Tuesday 4 September 2012

Shadow and Bone (The Grisha Trilogy, #1)Shadow and Bone by Leigh Bardugo
My rating: 3 of 5 stars

This started off really strongly. I found myself eager to get home from work, collapse in a chair with a nice cuppa and immerse myself in an interesting plot that looked to be a real corker, characters with a sense of humour and splendidly witty and slick writing. Unfortunately though, this one seemed to suffer the same affliction that is affecting many in the YA book world at the moment. That is that they have all the right elements there ready and waiting to become something special...then it all gets thrown out the window in favour of the generic teen drama.

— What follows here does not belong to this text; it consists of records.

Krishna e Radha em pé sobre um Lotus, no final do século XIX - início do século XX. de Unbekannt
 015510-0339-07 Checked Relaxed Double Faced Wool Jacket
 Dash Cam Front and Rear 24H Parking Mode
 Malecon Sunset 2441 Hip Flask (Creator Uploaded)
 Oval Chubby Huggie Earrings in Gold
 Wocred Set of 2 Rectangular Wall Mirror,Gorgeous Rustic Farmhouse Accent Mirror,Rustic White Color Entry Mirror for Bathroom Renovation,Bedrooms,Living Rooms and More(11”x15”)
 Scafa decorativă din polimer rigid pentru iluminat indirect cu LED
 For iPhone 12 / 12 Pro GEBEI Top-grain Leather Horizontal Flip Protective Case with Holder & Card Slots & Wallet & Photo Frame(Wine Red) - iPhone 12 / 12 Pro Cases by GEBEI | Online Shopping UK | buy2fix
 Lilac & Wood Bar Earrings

In this one all we have to do is substitute the high school for a training academy type set up and you've pretty much just got an episode of High School Musical, except with less singing and more magic. It stopped being about the mysterious Fold, a blanket of darkness dividing a nation, or the threat of war from neighbouring countries looking to take advantage of any weakness. No, instead we have balls and trying on dresses and bitchy classmates. There are even different cliques. All the Summoners sit with the summoners, all the fabrikators (or whatever they're called) sit with, yep, you guessed it, the other fabrikators. I was all ready and fired up for a compelling story, but what I got was somewhat lacking. Watered down shall we say.

OK, that all sounds quite harsh, but that's only because I'm not doing a very good job of hiding my frustration. It wasn't that bad. It's just I get pulled in by something, my interest piqued and then it all fizzles out like a firework in the rain. I feel cheated. It might be because I'm getting a bit bored of the whole 'normal girl discovers she has magical powers and saves the world, with a bit of room on the side for romance' type scenario. A situation that could be rectified if I were given a proper exciting story with which I could sink my teeth into and characters that I can engage with, not ones that I want to shake in a attempt to wake them up so they realise there are more important things going on in the world other then clothes and boys.

Sigh, I am probably being a bit too mean, but I can't help it. I glimpsed so much potential in this book. I'm just disappointed it didn't get the chance to shine as it should have.